Wie draagt de kosten van de nutsvoorzieningen (water, gas, elektriciteit)?
Dit vereist duidelijke afspraken die worden vastgelegd in de huurovereenkomst. Er zijn meerdere opties.
Ten eerste kan de huurovereenkomst bepalen dat de huurder zelf zal instaan voor het afsluiten van een overeenkomst met een energieleverancier, met de watermaatschappij, etc. (en het betalen voor deze diensten).
Wanneer dit echter niet wenselijk of mogelijk zou zijn (bv. in appartementsblokken), dan zijn er 2 opties om als verhuurder het aandeel van de huurder in de kosten te verrekenen.

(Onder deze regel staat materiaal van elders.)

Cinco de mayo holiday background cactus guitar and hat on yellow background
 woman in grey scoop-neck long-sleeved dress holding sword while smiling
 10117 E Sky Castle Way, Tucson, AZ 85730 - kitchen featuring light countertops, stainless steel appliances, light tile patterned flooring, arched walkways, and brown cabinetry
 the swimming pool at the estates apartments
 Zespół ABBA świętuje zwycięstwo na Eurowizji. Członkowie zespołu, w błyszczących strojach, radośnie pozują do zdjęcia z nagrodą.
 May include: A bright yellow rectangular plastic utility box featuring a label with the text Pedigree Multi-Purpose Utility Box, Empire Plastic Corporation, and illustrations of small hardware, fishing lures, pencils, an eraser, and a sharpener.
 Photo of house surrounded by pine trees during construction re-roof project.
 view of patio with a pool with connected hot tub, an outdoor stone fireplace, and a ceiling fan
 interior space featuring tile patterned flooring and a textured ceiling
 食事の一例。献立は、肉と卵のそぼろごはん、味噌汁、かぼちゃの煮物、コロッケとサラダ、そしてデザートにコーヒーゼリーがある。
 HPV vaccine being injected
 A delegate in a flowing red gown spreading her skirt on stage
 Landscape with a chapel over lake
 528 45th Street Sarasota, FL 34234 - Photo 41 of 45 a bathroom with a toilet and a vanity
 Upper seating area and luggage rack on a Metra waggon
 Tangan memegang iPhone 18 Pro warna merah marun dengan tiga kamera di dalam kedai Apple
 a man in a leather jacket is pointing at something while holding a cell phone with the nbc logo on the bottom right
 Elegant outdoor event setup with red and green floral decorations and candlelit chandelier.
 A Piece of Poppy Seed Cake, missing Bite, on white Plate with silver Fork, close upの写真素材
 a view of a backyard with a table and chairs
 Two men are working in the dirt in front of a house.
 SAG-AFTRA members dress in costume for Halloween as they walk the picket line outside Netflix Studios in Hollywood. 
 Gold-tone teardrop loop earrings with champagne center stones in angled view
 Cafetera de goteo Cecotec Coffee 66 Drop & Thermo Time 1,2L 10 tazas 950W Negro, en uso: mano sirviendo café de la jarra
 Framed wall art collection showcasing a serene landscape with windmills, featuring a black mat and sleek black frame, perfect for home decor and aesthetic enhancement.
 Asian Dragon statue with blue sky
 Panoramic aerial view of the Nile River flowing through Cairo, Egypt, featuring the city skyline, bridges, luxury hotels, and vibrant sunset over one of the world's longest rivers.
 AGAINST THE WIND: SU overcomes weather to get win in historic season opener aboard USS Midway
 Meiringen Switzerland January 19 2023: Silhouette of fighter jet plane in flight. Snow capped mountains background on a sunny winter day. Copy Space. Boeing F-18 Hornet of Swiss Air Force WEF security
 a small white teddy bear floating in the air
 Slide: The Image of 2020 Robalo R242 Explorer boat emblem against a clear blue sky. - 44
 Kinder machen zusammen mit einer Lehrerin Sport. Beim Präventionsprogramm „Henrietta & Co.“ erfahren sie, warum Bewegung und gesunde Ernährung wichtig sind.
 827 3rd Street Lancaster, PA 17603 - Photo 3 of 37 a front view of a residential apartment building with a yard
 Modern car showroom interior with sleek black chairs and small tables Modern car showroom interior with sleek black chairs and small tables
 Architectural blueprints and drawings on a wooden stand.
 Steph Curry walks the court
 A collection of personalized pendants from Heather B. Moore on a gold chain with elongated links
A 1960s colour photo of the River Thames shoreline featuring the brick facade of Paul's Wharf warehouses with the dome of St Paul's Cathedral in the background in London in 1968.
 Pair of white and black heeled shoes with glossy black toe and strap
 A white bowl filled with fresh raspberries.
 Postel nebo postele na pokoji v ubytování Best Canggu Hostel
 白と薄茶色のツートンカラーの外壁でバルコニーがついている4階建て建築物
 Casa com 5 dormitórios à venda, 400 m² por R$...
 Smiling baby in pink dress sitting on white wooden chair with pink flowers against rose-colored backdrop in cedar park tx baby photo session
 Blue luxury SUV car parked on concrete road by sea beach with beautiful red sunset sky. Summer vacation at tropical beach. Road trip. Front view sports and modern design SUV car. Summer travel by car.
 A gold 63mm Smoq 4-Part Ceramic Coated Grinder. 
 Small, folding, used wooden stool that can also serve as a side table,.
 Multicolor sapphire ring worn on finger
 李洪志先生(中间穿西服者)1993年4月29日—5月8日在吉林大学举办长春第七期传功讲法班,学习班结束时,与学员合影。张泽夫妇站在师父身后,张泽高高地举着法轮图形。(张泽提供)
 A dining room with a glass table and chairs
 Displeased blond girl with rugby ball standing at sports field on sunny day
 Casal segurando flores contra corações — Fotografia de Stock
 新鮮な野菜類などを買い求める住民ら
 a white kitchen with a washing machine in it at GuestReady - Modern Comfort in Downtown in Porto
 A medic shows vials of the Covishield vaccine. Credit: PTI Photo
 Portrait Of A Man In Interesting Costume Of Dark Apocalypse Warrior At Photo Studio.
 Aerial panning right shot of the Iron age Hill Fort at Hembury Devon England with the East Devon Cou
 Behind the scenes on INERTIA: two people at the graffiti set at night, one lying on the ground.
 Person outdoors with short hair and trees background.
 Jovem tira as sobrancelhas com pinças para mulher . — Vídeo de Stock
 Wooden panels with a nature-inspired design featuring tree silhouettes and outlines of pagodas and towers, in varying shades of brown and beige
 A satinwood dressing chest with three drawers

Een eerste mogelijkheid is het vastleggen van een forfaitair bedrag in de overeenkomst welke de huurder als bijdrage in de kosten moet betalen aan de verhuurder. Het huurcontract bepaalt in dat geval duidelijk om welk bedrag het gaat en wanneer de huurder dit moet betalen. Het risico voor de verhuurder is uiteraard dat de kosten hoger zouden oplopen dan de forfaitaire bijdragen en je dus als verhuurder ‘verlies’ lijdt.
Een tweede mogelijkheid is het aanrekenen van de werkelijke uitgaven. De verhuurder zal jaarlijks aan de huurder een overzicht overmaken van het werkelijke verbruik en de kostprijs ervan (het is aan de verhuurder om daar het bewijs van te leveren). Het contract kan ook vastleggen welke voorschotten de huurder maandelijks moet betalen en wanneer. Op basis van deze voorschotten zal dan vervolgens bepaald worden of de huurder nog een opleg moet betalen of dat de verhuurder nog een bedrag moet terugstorten.
Als er werd gekozen voor een forfaitaire bijdrage, kan iedere partij aan de Rechter een herziening vragen van het forfaitaire bedrag ofwel vragen dat dit wordt omgezet naar werkelijke kosten en lasten. Voor het beoordelen van een verzoek tot herziening (aanpassen van het forfaitaire bedrag), zal de Rechtbank kijken naar de ontwikkeling van de werkelijke uitgaven. Als de omzetting naar werkelijke kosten en lasten wordt gevraagd, zal de Rechtbank bekijken of dat mogelijk is en bepalen vanaf wanneer de omzetting zal worden toegepast.